Available records START

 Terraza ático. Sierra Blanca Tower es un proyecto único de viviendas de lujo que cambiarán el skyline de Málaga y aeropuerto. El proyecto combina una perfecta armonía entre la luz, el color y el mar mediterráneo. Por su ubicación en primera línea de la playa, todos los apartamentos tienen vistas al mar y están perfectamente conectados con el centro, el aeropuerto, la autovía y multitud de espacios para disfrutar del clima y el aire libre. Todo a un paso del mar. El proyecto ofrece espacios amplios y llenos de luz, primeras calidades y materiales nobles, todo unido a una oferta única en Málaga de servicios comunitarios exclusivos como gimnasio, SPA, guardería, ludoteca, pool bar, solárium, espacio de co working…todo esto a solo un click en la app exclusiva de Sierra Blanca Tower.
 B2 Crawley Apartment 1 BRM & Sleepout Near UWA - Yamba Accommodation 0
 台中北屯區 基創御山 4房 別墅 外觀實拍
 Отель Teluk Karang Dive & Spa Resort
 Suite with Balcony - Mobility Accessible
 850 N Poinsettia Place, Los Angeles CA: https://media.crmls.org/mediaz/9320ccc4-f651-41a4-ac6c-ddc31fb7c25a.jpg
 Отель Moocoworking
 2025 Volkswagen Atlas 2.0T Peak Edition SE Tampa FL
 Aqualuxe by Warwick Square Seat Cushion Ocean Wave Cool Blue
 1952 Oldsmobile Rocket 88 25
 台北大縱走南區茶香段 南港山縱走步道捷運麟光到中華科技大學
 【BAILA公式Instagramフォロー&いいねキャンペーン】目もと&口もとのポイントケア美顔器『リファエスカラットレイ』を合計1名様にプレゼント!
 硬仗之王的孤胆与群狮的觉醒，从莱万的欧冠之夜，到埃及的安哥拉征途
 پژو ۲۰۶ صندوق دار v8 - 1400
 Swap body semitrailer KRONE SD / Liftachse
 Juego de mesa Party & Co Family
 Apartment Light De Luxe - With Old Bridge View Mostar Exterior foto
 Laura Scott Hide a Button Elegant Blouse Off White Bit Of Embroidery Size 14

Available records END

### Work item:
Please return each line of the listing above that contains "Apartment".

### Solution below:
 B2 Crawley Apartment 1 BRM & Sleepout Near UWA - Yamba Accommodation 0
 Apartment Light De Luxe - With Old Bridge View Mostar Exterior foto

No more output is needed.